--- Assigned task ---
Exclude all pictures, then copy each of the records exactly as written.
** Data records follows **
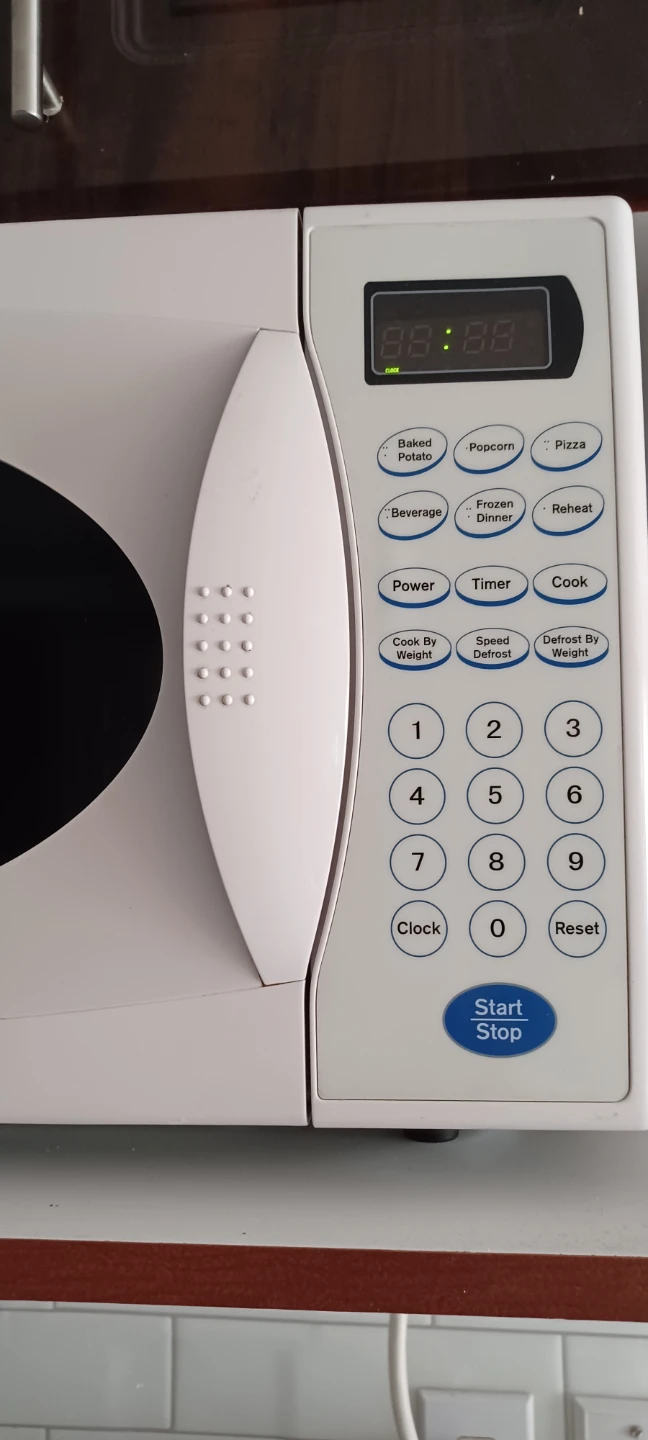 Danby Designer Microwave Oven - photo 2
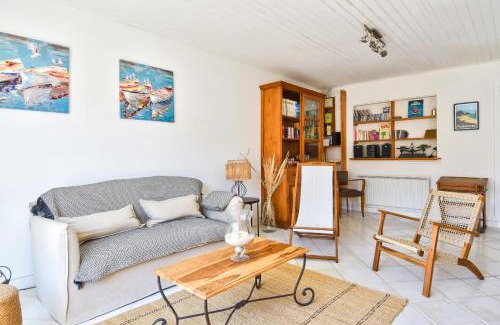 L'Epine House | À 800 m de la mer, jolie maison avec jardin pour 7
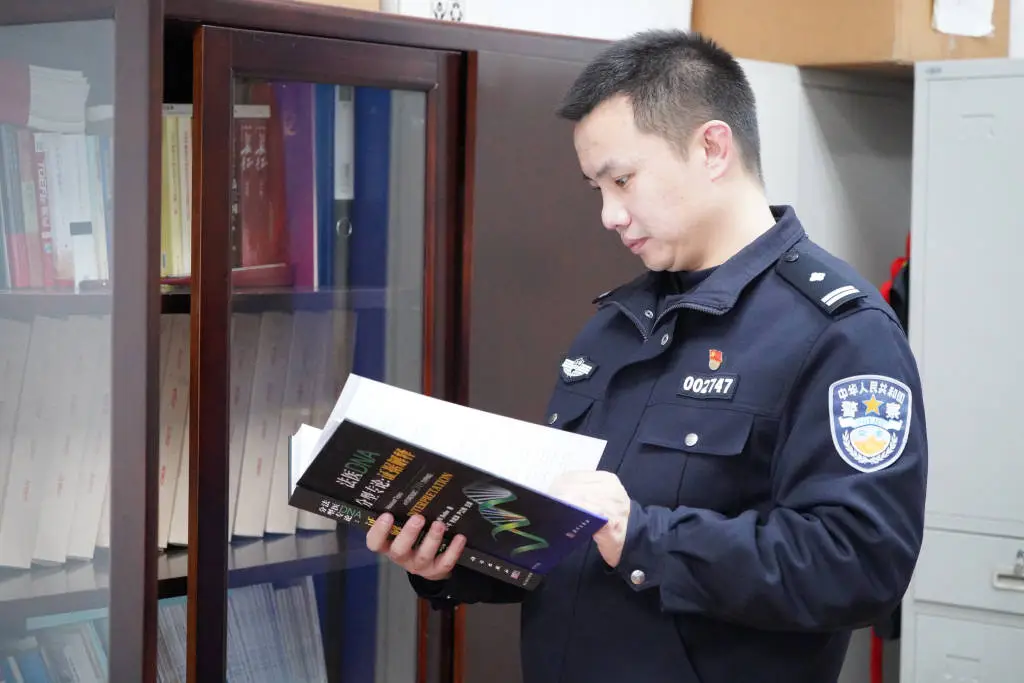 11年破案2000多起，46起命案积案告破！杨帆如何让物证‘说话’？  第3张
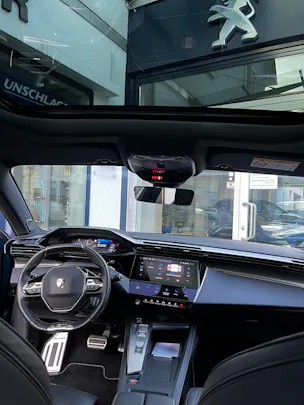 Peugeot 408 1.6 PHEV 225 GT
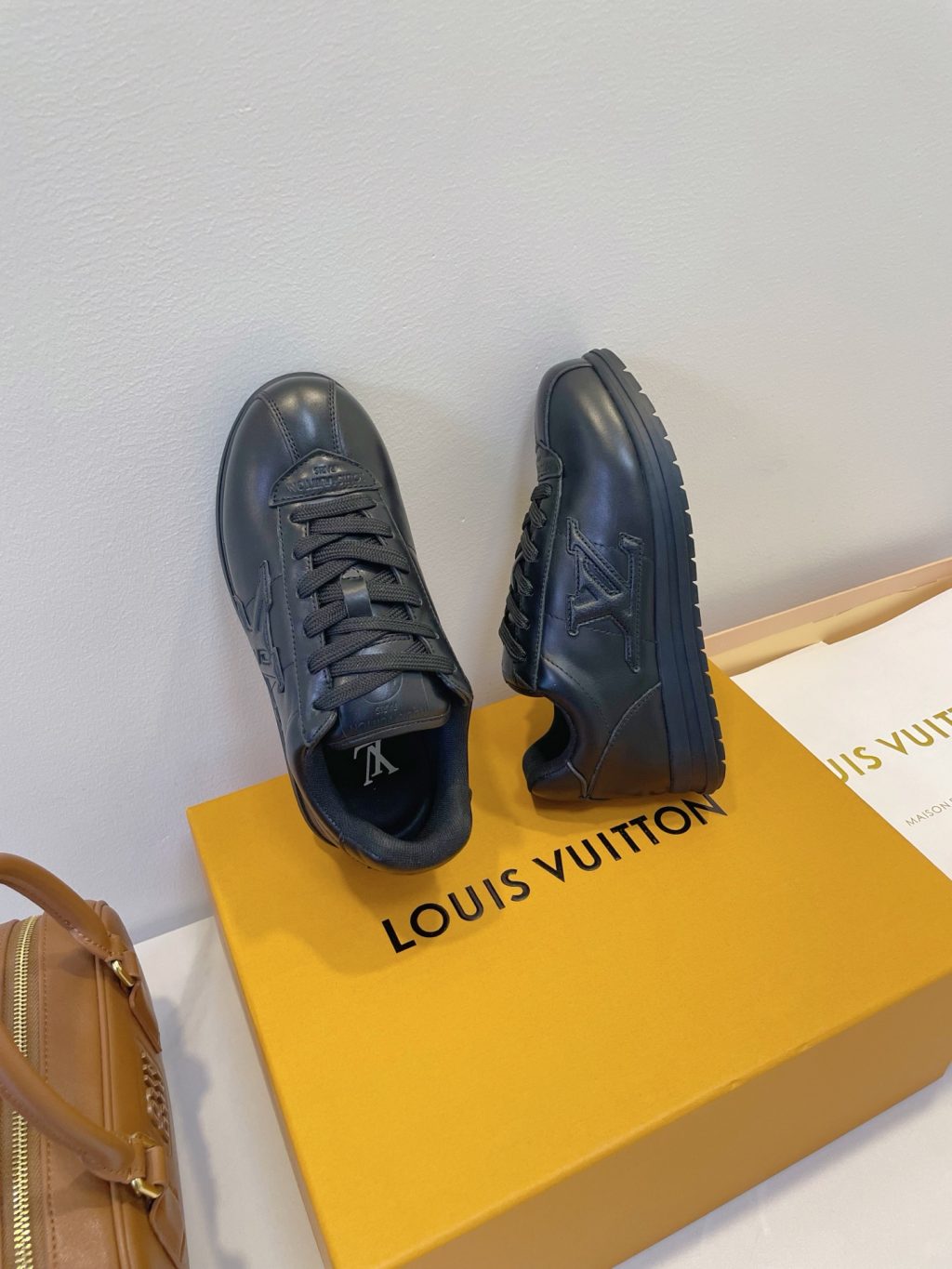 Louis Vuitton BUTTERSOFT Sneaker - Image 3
** End of Data records **
--- Solution ---
 Danby Designer Microwave Oven - photo 2
 L'Epine House | À 800 m de la mer, jolie maison avec jardin pour 7
 11年破案2000多起，46起命案积案告破！杨帆如何让物证‘说话’？  第3张
 Peugeot 408 1.6 PHEV 225 GT
 Louis Vuitton BUTTERSOFT Sneaker - Image 3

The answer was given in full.